Students of history learn to analyze events by looking at the intersections of race, class and gender. Certainly this is true when one studies the questions of public education and which groups of people have access to public education and who pays for the education of the masses.
The issue of class is seen in attitudes governing who is to be educated to what degree and at whose expense. New England Puritans believed that being able to read the Bible was important for everyone, so they created state statutes mandating free basic elementary education for everyone. Higher education remained for those male students able to afford private academies and universities. Women were denied access to higher education and ridiculed as “bluestockings” for wishing to learn. Free blacks were for the most part limited to advanced education by lack of income.
In the southern colonies, which provided many settlers to Pettis County, education was a privilege reserved for wealthy white males. Laws were passed prohibiting slaves from being taught to read or write. The system of subscription schools in Pettis County restricted formal schooling to those whose parents could afford to pay the tuition. Not until after the Civil War did Missouri’s Constitution mandate free public elementary schools for black and white children.
Blacks were quick to recognize the importance of education as a way of attaining self-respect and a measure of self-determination.
In 1866, when Sedalia began to follow the Constitutional instructions to provide a tax supported public schools, opponents mounted a vigorous campaign to prevent an “infamous tax” from being levied to provide education for “negro children,” even though the schools were primarily meant for white children, who constituted the majority of students. After a major disagreement among the school board members, Broadway School for white children and Lincoln School for black children were built in 1867 and opened in 1868.
According to the 1882 History of Pettis County, Lincoln School began as a frame building located at the northwest corner of North Moniteau Avenue and Cooper Street. When Franklin School was planned for that location in 1870, Lincoln School was moved two blocks north and one block east. Two rooms were added to the building in 1879.
This addition enabled the school to have four rooms with a capacity of 260 pupils. Large classes were the norm in the Sedalia public schools, as pictures of both black and white schools show classes of 40 to 50 students.
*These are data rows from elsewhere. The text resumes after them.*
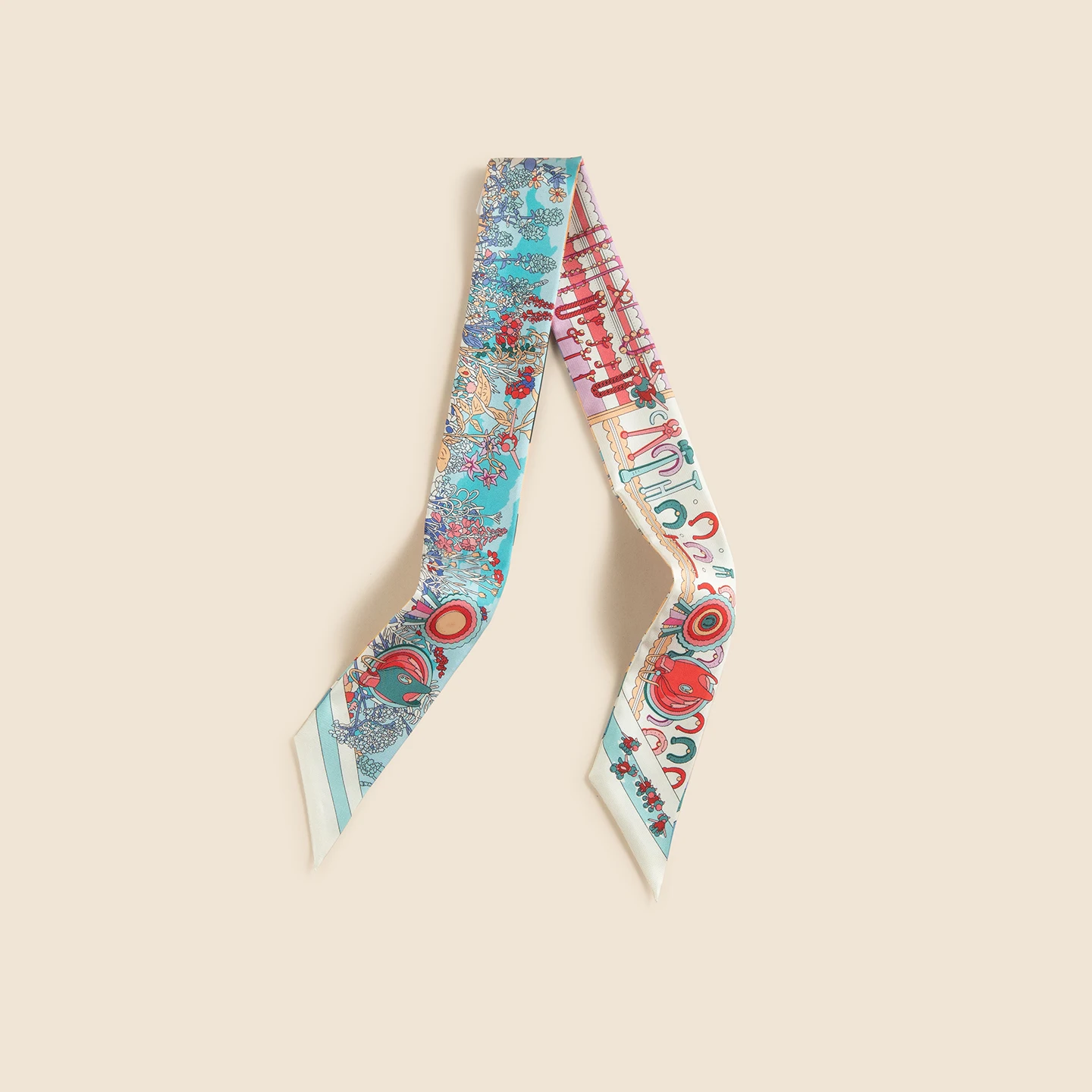 2025-summer-collection-silk-scarf-100-silk-twill-handle-bag-tying-hair-band-scarf-drifting-belt-for-youth-and-middle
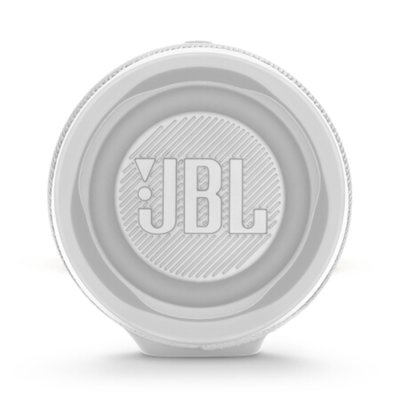 JBL Charge4 无线蓝牙音箱 音乐冲击波4代 低音炮 防水设计 支持多台串联 户外便携式HIFI迷你音响 白色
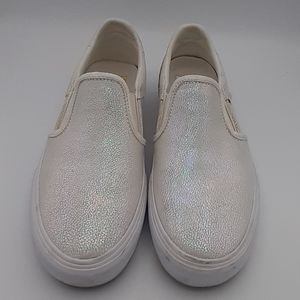 Vans Irridescent Slip-ons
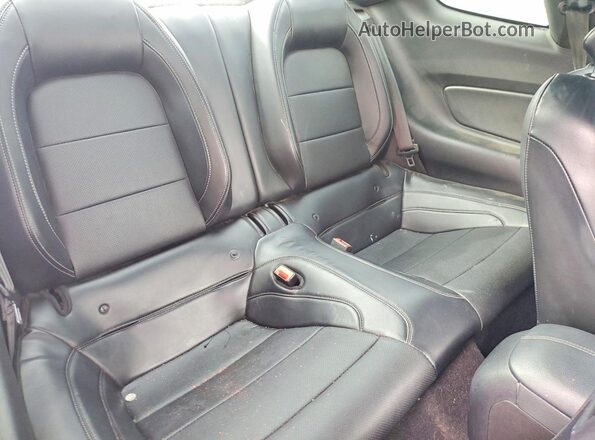 1FA6P8CF7K5164247 2019 FORD MUSTANG Серый Вид задних сидений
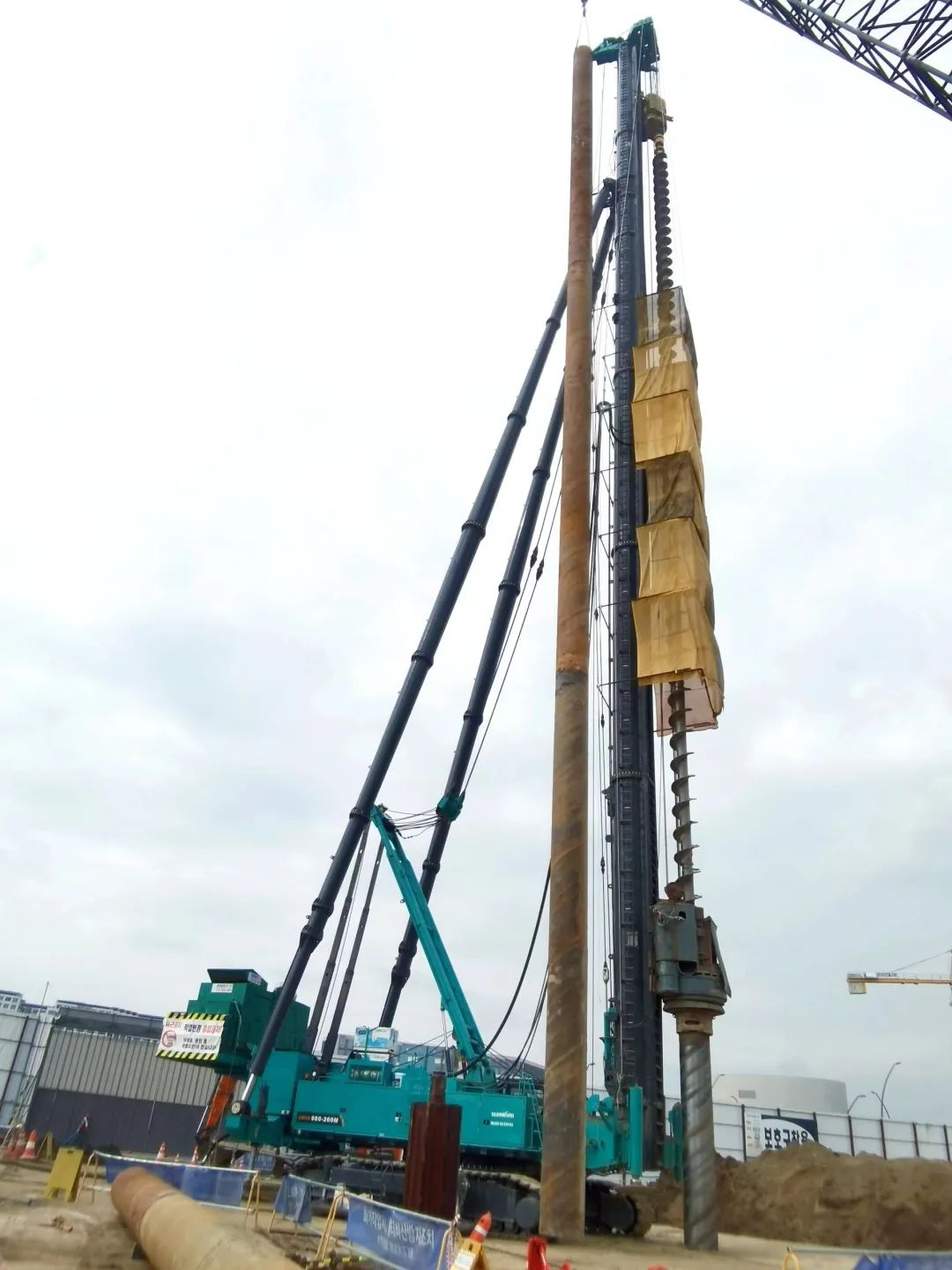 “全球最高桩架”崭露头角！九游体育(中国)官方网站智能实力助建韩国首尔麻古MICE综合园区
The first teacher in 1867-68 was paid $50 per month. During the 1870s, principal D.W. Bowles was paid $60 and the teacher was paid $50. Surprisingly, the rates of compensation for teachers were similar for both white and black schools, though men were generally paid more than women.
In 1867-68, the community had 60 black students of school-age; 30 of them were enrolled at Lincoln School. By 1880-81, the number of school-age children had increased to 452 and enrollment had increased to 336, a number that compares favorably with the percentage of white students enrolled.
In the years that followed, Lincoln School added grades and programs. During the 1920s, it became recognized as one of the best black schools in Missouri.